## Instructions for the task
Starting with the line that holds "ហេងហេងលក់ ទូរសព្ទ័ដៃ" and stopping after the line that holds "Kutzky Park Apartment", repeat the lines below word for word, without the pictures.

## Task data
=== Begin Enclosure ===

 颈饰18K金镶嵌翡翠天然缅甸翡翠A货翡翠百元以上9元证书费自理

=== End Enclosure ===
=== Begin Enclosure ===

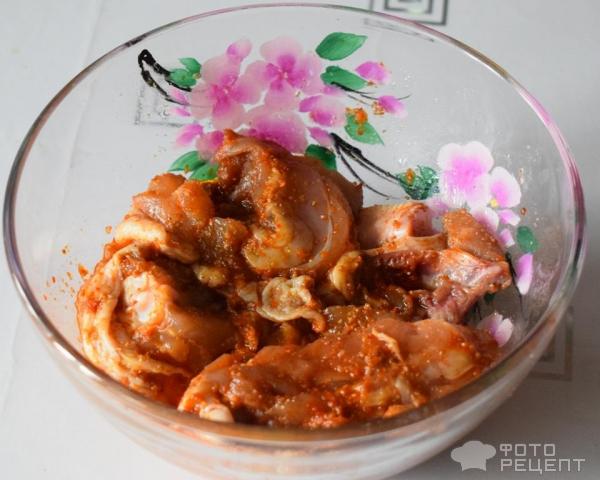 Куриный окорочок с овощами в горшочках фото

=== End Enclosure ===
=== Begin Enclosure ===

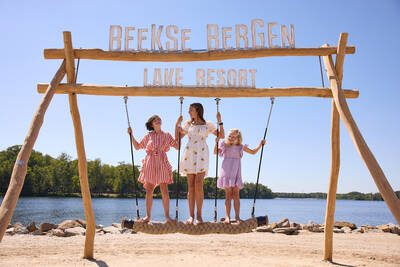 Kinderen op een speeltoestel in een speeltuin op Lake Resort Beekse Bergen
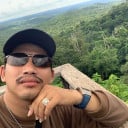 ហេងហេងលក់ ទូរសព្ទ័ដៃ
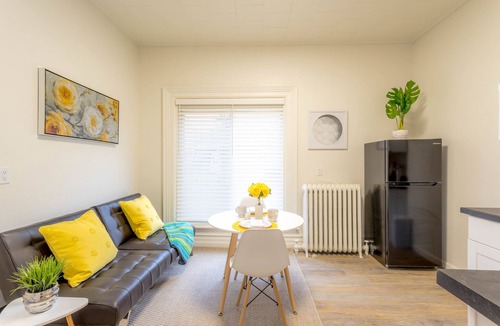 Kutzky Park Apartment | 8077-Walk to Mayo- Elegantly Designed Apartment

=== End Enclosure ===

## Answer area
 ហេងហេងលក់ ទូរសព្ទ័ដៃ
 Kutzky Park Apartment | 8077-Walk to Mayo- Elegantly Designed Apartment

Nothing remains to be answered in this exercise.